▸ **TASK DETAILS**: From the line containing "Decorative Throw Pillow" through the last line of the records below, each line is to be repeated exactly; pictures are to be omitted.

▸ **MATERIAL PROVIDED**:
□ □ □ □
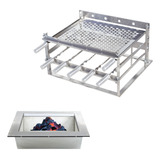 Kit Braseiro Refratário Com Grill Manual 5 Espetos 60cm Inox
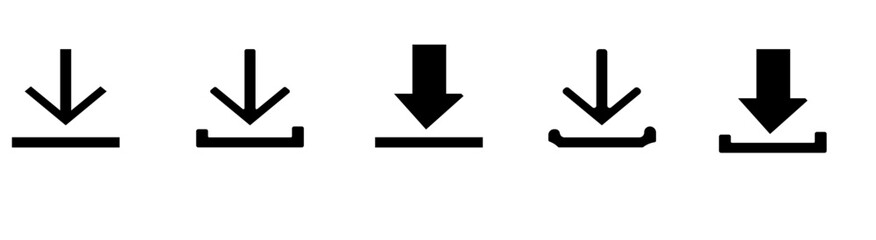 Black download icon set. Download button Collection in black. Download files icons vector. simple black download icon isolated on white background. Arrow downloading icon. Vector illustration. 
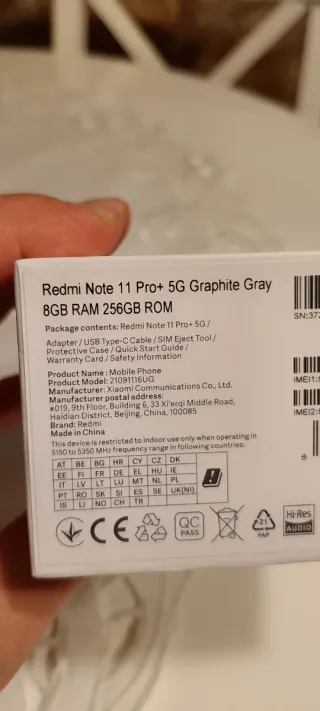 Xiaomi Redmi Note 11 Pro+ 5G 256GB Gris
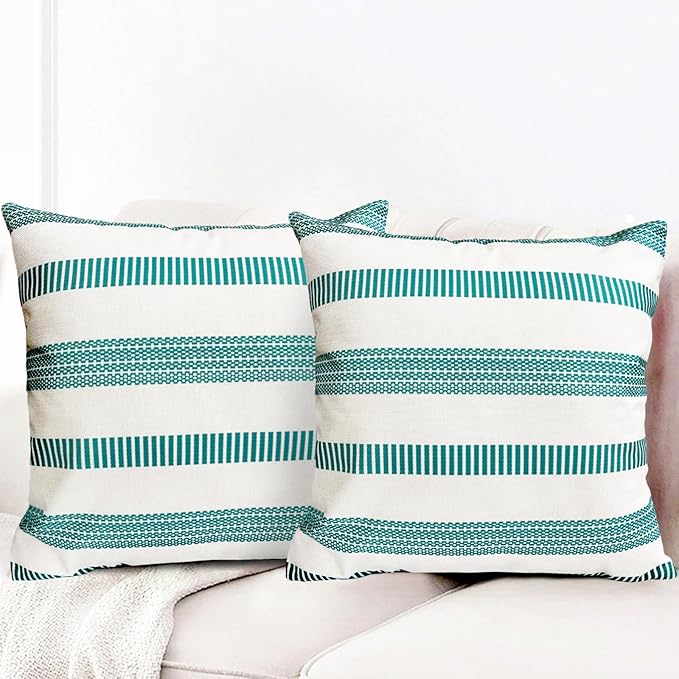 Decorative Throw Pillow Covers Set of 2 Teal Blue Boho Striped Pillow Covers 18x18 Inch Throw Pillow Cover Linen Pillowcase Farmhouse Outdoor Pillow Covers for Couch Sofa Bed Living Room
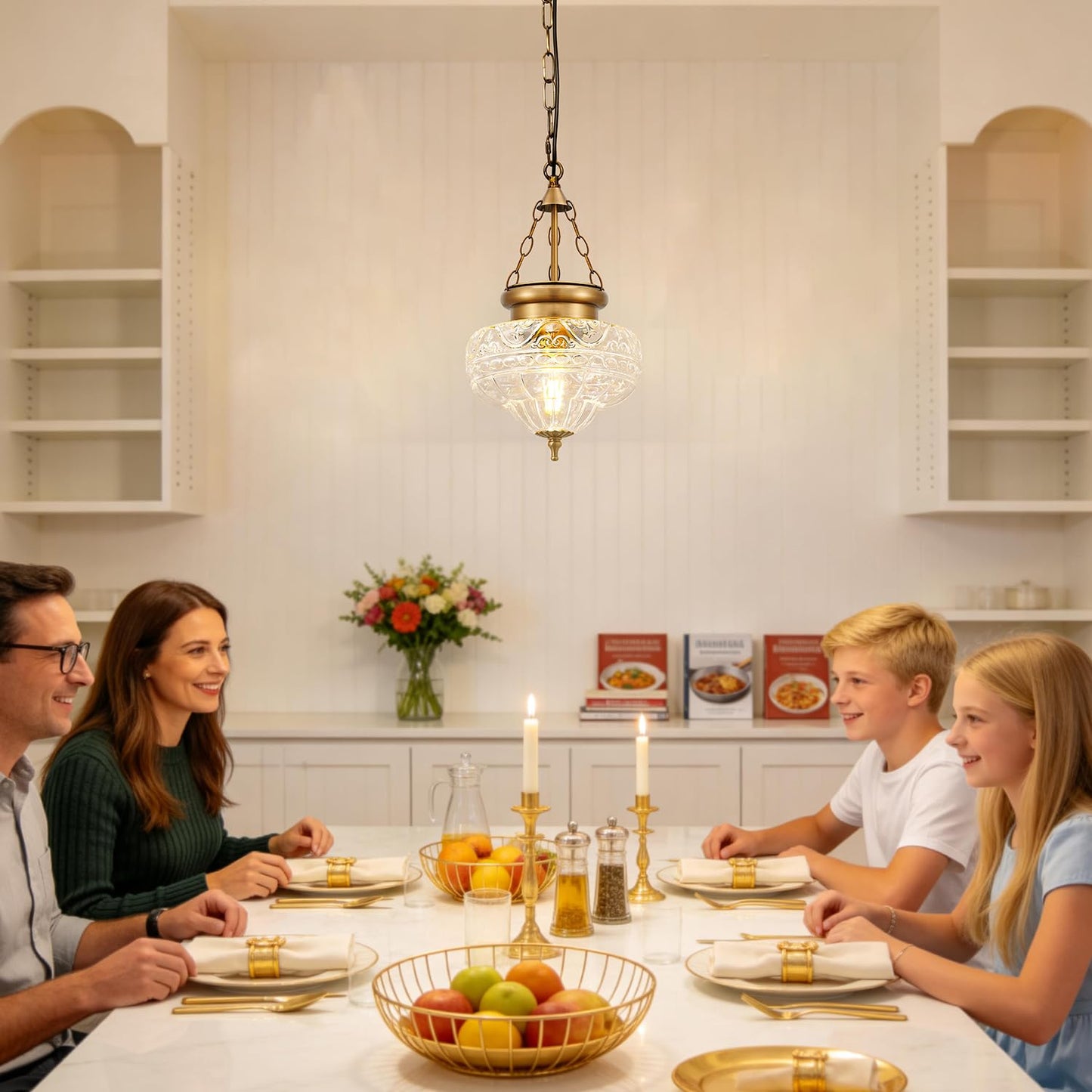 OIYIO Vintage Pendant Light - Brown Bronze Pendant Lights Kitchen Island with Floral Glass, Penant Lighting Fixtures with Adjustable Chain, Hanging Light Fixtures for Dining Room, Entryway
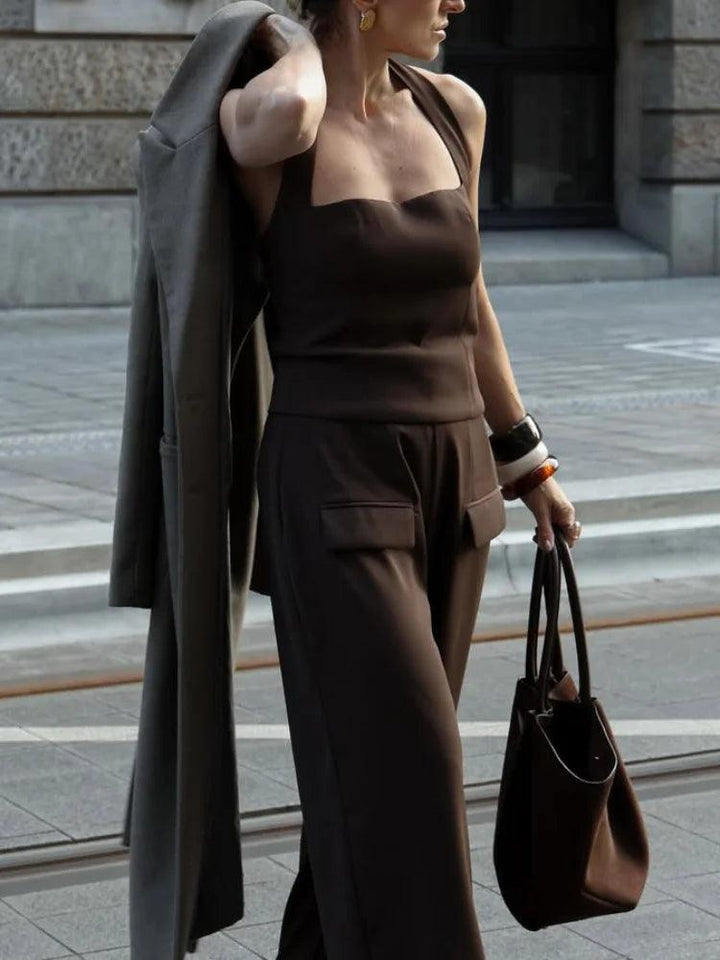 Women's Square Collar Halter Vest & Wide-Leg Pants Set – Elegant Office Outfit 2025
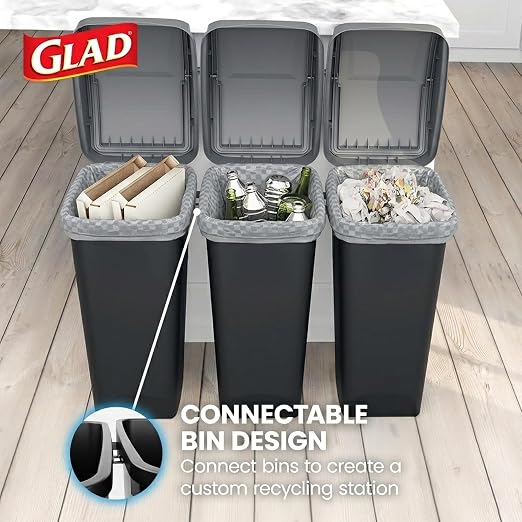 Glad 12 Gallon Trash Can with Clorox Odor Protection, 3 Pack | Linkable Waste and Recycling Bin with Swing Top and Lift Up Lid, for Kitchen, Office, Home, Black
□ □ □ □
▸ **ANSWER SPACE**:
 Decorative Throw Pillow Covers Set of 2 Teal Blue Boho Striped Pillow Covers 18x18 Inch Throw Pillow Cover Linen Pillowcase Farmhouse Outdoor Pillow Covers for Couch Sofa Bed Living Room
 OIYIO Vintage Pendant Light - Brown Bronze Pendant Lights Kitchen Island with Floral Glass, Penant Lighting Fixtures with Adjustable Chain, Hanging Light Fixtures for Dining Room, Entryway
 Women's Square Collar Halter Vest & Wide-Leg Pants Set – Elegant Office Outfit 2025
 Glad 12 Gallon Trash Can with Clorox Odor Protection, 3 Pack | Linkable Waste and Recycling Bin with Swing Top and Lift Up Lid, for Kitchen, Office, Home, Black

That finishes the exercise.